Sovereign will be acquiring the fixed assets and property associated with the Abattoir, but not
any working capital, liabilities, brands or other intangible assets.
In terms of the Transaction, Sovereign will sign a long term broiler supply agreement with
Quantum Foods for the supply of broiler birds to the Abattoir.
2. OVERVIEW OF THE ABATTOIR
The Abattoir currently produces fresh and frozen poultry products predominantly for the
Gauteng market. The majority of its products are marketed through major national retail
stores and food services channels under the “Tydstroom” and various house brands. The
Abattoir currently has a single shift production capacity of 250 000 birds per week.
3. RATIONALE FOR THE TRANSACTION
Sovereign has achieved consistent growth in sales and profitability over the past 3 years. The
Transaction allows Sovereign to expand its production volumes and geographical footprint in
order to meet growing customer demand, in line with Sovereign’s stated strategic objectives.

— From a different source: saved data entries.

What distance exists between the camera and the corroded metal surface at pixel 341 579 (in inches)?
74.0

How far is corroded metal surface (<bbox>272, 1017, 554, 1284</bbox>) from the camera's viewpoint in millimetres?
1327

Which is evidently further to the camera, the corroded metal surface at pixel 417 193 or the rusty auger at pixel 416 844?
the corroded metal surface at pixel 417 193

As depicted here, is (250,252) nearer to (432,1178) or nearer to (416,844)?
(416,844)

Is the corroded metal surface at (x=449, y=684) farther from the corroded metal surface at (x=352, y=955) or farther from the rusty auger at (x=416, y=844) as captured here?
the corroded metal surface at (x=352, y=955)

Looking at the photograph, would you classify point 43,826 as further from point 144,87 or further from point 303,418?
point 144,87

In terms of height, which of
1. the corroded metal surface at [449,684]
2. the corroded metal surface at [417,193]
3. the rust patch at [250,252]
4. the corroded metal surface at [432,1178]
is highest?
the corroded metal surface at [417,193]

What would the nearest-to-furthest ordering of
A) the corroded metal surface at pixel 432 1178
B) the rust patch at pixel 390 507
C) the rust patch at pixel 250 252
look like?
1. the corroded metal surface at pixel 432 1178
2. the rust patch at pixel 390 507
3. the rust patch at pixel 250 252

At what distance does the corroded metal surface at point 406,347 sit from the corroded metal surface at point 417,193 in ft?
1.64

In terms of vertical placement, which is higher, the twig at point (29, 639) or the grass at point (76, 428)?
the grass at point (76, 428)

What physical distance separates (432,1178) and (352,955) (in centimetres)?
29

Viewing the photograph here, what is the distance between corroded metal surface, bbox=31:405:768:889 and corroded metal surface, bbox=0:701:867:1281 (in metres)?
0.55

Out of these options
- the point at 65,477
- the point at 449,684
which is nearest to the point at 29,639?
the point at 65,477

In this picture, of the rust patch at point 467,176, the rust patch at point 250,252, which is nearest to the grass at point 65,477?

The Transaction satisfies all the criteria in Sovereign’s expansion strategy, namely:
- Acquisition of a strategically located new production facility, commissioned less than
2 years ago.
- A 28% increase in production capacity to 1 150 000 birds per week.
- Greater access to the major market of Gauteng and to Sovereign’s largest customers.

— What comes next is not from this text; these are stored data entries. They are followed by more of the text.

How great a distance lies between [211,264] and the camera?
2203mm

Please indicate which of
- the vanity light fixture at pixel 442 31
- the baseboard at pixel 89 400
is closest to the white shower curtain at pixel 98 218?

- A long term broiler supply agreement with Quantum Foods, a strong supplier.
All post Transaction sales from the Abattoir will be made under current Sovereign brands.
4. TRANSACTION CONSIDERATION
The purchase consideration payable is R120 000 000.
Sovereign will be financing the Transaction through a combination of new facilities and cash
resources.
5. CONDITIONS PRECEDENT
The Transaction is subject to the following conditions precedent, namely:
5.1 by no later than 31 December 2015, the unconditional approval, in writing, of the
applicable competition authorities in terms of the Competition Act, No. 89 of 1998 in
respect of the Transaction (or if such approval is conditional, each of the Sellers, the
Purchaser and Sovereign (the “Parties”) having approved such condition in writing and
delivered such written approval to the other Parties) be obtained;
5.2 by no later than 31 December 2015, to the extent necessary, all regulatory consents and
other approvals, including but not limited to the approval of the Johannesburg Stock
Exchange (“JSE”), be obtained;
5.3 by no later than 30 days from the date of signature of the Agreement being 7 May 2015
(“Date of Signature”), the Purchaser completing a due diligence investigation to its
satisfaction;
5.4 by no later than 45 days from the Date of Signature, the Parties concluding a sale of
business agreement in respect of the Transaction, containing all the usual provisions
required for a transaction of this nature;
5.5 by no later than 45 days from the Date of Signature the Sellers delivering to the
Purchaser a copy of any special resolutions required in terms of the Companies Act, No.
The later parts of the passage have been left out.